Let’s have a closer look at what the Posterior Chain is.
Your posterior chain is the muscles on the back of your body, but more specifically it consists of your erector spinae (a group of muscles which more or less run along the spine), glutes, hamstrings and calves. It also includes muscles in your upper back, like your traps and delts, as well as the backside of your obliques. These are referred to as a “chain” of muscles because they all form a chain that works together to support almost every movement you make in and out of the gym.
Why is it important?
In essence, your posterior chain is what propels you forward. If you want to run faster, jump higher, or pivot and rotate more smoothly (and without causing injuries), you need to develop this string of muscles.
Your posterior chain also helps you maintain your balance and posture, which becomes crucial when you start working with any type of weight. A strong posterior also helps prevent injuries in day-to-day activities, including moving furniture or any other movement that requires rotation and pushing or pulling.
Simply put, a strong posterior is your stabilising and coordinating force, as well as power source for any movement. The stronger it is, the surer and stronger your movements will be in (and out) of the gym.
How to train the Posterior Chain.
How you train your posterior chain really depends on your goals and physical capacity. An elite sportsman will train their posterior chain slightly different to the average gym goer, however the exercises used may be similar if not the same. So how you go about performing the exercises really depends on who you are, your current physical ability, and what you’re trying to accomplish.
The posterior chain can be trained every day. The key is to train it in a way that limits overtraining and allows you to adequately recover before your next training session.
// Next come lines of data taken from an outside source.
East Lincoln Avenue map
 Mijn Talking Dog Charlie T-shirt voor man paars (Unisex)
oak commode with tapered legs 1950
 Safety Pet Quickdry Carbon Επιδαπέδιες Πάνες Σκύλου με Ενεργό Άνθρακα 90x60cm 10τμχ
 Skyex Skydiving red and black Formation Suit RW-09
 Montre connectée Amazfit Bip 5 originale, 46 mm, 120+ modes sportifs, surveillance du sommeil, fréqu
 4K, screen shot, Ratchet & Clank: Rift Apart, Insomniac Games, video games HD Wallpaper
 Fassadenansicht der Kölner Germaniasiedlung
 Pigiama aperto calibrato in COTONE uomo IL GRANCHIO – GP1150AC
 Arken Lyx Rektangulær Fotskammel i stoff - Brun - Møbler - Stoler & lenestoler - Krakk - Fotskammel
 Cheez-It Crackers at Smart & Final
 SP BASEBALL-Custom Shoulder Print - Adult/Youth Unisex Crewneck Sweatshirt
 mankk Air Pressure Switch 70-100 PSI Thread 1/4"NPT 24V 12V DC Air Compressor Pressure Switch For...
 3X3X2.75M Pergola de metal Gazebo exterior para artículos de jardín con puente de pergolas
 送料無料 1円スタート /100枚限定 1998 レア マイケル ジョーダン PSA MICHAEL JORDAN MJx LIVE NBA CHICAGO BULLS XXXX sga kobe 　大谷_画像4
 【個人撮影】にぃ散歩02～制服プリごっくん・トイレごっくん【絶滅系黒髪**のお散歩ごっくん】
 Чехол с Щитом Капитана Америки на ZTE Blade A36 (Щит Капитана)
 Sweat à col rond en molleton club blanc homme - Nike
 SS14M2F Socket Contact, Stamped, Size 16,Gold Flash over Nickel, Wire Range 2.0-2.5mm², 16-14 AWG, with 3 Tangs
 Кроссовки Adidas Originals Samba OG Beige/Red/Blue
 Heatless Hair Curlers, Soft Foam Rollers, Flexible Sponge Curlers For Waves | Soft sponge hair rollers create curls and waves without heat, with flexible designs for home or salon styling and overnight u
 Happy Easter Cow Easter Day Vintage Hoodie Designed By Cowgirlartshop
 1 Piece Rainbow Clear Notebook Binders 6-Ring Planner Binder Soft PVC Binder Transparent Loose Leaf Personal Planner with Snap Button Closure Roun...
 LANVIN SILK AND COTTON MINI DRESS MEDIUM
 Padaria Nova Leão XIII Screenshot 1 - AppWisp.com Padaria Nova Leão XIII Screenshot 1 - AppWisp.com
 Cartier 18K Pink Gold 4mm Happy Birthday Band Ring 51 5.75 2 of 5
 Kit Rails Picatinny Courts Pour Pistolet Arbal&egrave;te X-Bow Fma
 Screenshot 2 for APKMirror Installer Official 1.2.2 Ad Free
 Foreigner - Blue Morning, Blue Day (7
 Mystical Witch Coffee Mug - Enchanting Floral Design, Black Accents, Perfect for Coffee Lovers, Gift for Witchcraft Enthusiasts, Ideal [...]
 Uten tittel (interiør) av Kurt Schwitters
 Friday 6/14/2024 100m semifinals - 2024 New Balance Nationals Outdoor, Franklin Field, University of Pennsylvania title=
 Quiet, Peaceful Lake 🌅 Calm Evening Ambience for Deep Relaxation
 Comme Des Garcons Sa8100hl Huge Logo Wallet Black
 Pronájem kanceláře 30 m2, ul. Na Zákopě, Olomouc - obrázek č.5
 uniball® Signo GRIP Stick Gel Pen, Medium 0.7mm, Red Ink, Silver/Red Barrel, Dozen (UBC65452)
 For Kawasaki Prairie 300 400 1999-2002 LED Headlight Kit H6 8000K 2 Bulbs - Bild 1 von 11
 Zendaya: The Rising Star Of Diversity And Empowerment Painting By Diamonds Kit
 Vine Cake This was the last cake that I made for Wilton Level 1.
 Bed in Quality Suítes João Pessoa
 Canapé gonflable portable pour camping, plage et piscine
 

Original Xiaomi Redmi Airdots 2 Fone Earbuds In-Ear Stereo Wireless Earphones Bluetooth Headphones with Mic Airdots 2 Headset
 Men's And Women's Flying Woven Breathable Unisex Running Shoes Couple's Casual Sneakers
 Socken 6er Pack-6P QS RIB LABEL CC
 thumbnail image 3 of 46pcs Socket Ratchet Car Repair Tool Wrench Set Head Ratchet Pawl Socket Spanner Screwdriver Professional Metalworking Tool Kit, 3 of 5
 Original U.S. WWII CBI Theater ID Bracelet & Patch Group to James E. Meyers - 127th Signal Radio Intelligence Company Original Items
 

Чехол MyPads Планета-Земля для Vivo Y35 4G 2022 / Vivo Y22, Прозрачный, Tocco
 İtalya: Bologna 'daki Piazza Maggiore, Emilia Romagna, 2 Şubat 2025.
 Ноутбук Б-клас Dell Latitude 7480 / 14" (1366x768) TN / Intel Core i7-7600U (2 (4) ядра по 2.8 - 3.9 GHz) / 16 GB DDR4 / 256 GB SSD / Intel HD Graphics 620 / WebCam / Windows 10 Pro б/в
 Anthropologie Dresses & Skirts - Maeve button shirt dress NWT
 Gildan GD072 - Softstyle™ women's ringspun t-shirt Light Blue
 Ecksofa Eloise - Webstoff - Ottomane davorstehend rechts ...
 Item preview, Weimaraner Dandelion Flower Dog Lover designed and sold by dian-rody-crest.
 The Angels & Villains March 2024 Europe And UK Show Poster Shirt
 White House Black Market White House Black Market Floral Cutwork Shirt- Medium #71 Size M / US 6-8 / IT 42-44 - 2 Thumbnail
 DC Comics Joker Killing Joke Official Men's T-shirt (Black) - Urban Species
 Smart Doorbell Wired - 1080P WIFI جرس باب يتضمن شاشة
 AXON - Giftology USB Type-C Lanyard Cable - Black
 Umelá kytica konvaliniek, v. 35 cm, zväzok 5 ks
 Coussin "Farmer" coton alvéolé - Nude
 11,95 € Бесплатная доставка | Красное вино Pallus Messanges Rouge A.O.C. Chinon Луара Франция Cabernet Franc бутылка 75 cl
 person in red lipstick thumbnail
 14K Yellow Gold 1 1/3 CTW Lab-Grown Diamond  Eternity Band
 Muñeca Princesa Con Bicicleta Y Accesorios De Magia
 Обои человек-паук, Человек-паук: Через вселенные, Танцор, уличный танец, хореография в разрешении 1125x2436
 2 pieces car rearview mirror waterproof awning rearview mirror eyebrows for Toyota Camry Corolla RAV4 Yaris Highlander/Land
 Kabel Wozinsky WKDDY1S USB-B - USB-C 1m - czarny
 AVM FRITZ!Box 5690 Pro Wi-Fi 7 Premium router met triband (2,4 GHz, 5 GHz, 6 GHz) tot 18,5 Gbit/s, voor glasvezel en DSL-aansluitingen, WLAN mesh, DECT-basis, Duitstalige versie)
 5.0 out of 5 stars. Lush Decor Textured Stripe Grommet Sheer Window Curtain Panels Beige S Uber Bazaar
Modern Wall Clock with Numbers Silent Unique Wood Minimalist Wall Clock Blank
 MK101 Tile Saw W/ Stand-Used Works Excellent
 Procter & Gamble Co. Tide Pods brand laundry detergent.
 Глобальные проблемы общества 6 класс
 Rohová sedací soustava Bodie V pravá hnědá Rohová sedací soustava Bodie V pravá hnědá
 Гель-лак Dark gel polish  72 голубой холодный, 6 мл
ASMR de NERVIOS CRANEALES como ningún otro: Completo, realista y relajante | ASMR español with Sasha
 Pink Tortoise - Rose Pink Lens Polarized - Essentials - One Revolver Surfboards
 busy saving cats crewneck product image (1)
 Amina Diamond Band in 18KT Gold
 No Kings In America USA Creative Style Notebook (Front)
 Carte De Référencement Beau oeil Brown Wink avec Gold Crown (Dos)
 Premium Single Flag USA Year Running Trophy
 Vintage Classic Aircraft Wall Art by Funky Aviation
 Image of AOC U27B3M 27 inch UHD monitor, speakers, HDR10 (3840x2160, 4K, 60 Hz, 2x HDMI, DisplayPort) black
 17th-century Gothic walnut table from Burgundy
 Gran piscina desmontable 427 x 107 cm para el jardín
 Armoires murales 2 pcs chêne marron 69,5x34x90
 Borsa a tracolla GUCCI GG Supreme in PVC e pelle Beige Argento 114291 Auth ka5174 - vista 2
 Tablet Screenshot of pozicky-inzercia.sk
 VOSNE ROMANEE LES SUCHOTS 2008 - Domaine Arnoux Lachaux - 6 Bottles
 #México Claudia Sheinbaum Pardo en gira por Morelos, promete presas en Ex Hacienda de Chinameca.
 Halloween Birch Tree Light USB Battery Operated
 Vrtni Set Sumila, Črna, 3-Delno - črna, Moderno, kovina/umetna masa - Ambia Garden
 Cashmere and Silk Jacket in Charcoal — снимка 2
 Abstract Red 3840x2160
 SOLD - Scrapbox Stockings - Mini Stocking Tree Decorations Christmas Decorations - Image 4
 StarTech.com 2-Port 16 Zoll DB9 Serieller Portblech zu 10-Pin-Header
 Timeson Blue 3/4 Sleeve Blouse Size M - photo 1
This can all be achieved through the use of programming, varying sets, reps and intensities, and potentially splitting upper body and lower body posterior chain exercises into different workouts.
When it comes to exercise selection, there are hundreds of exercise variations that will allow you to build a stronger backside. Here are a few of my staples:
Deadlifts / Romanian Deadlifts
Glute Ham Raises
The exercises listed are my “go to’s” for posterior training, but they aren’t the only options. Every one is different and everyone essentially has a unique goal on what they’re trying to achieve. Understanding the use of each exercise can help determine how you would fit it into your program and how you would go about performing it.